> On 30. Oct 2025, at 07:12, [email protected] wrote:
>
> • This can be optimized by either introducing a batch version of this
> hypercall i.e., XENMEM_remove_from_physmap_batch and flushing TLBs only once
> for all pages being removed
> OR
> by using a TLBI instruction that only invalidates the intended range of
> addresses instead of the whole stage-1 and stage-2 translations. I understand
> that a single TLBI instruction does not exist that can perform both stage-1
> and stage-2 invalidations for a given address range but maybe a combination
> of instructions can be used such as:
> ; switch to current VMID
> tlbi rvae1, guest_vaddr ; first invalidate stage-1 TLB by guest VA for
> current VMID
> tlbi ripas2e1, guest_paddr ; then invalidate stage-2 TLB by IPA range for
> current VMID
> dsb ish
> isb
> ; switch back the VMID
> • This is where I am not quite sure and I was hoping that if someone with
> Arm expertise could sign off on this so that I can work on its implementation
> in Xen. This will be an optimization not only for virtualized hardware but
> also in general for Xen on arm64 machines.
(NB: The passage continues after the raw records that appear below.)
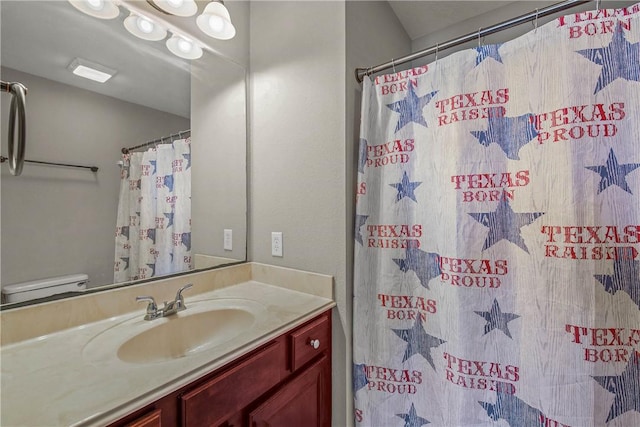 bathroom featuring vanity and a shower with curtain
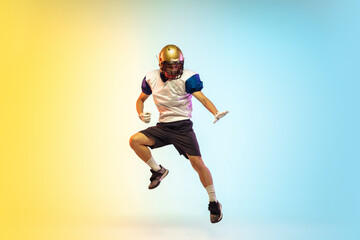 Fototapeta na wymiar Unstoppable. American football player isolated on gradient studio background in neon light. Professional sportsman during game playing in action and motion. Concept of sport, movement, achievements.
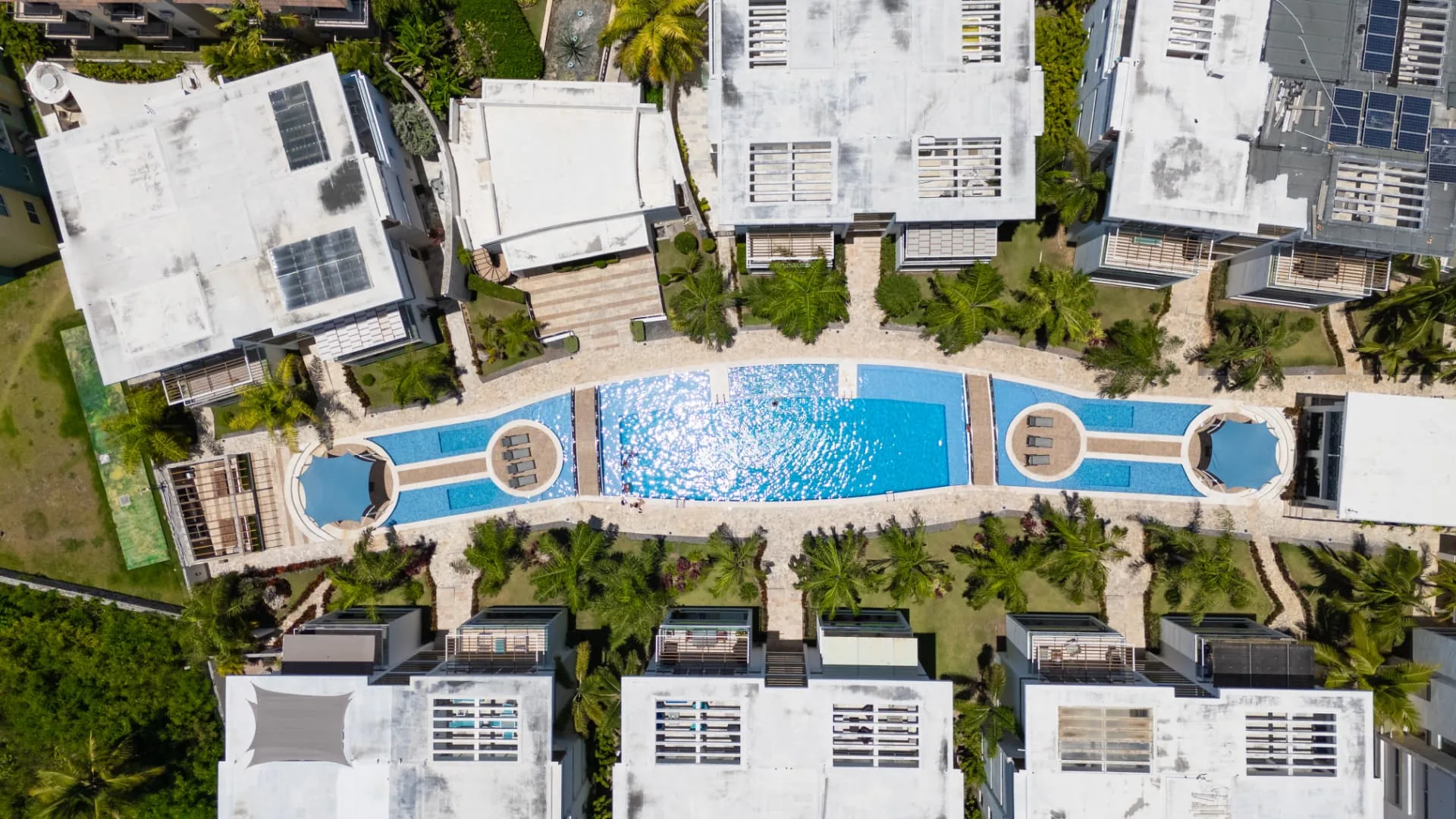 Top-down aerial of a long lagoon-style community pool framed by palms and white condominium blocks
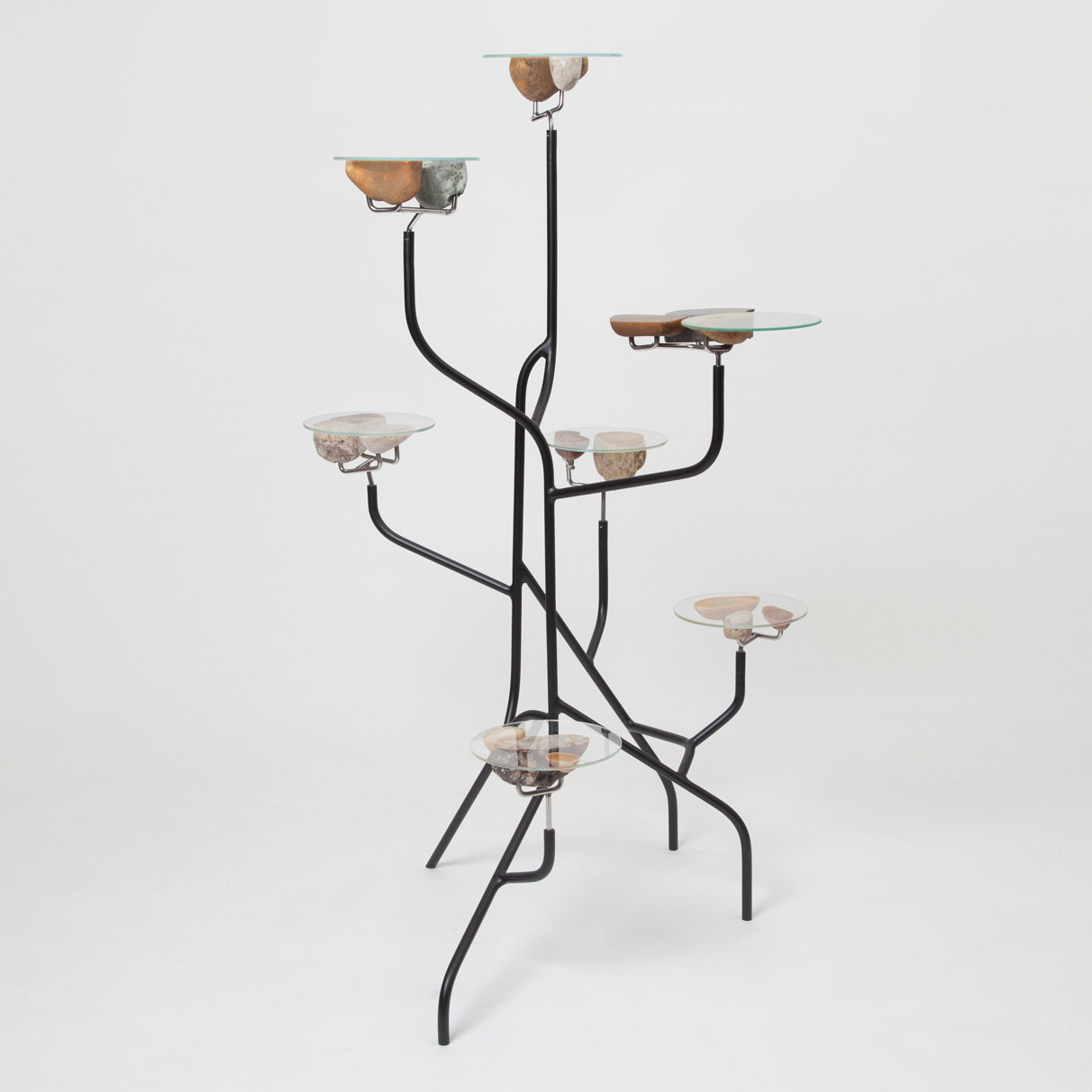 shelf made of metal tubes and glass with stone surfaces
There’s no visibility on what’s going on at stage-1. We don’t know the guest
VAs that map to the given IPA so doing the full stage-1 TLB flush is the only
option if FEAT_nTLBPA isn’t present (and FEAT_nTLBPA is not present on Neoverse
V2).
If FEAT_nTLBPA is present (such as Neoverse V3), then you don’t need the
stage-1 TLB invalidate in this code path.
> So, on older architectures, full stage-2 invalidation would be required. For
> an architecture independent solution, creating a batch version seems to be a
> better way.
Might as well have both, although the range invalidate for stage-2 is most
likely enough to resolve performance issues in your case.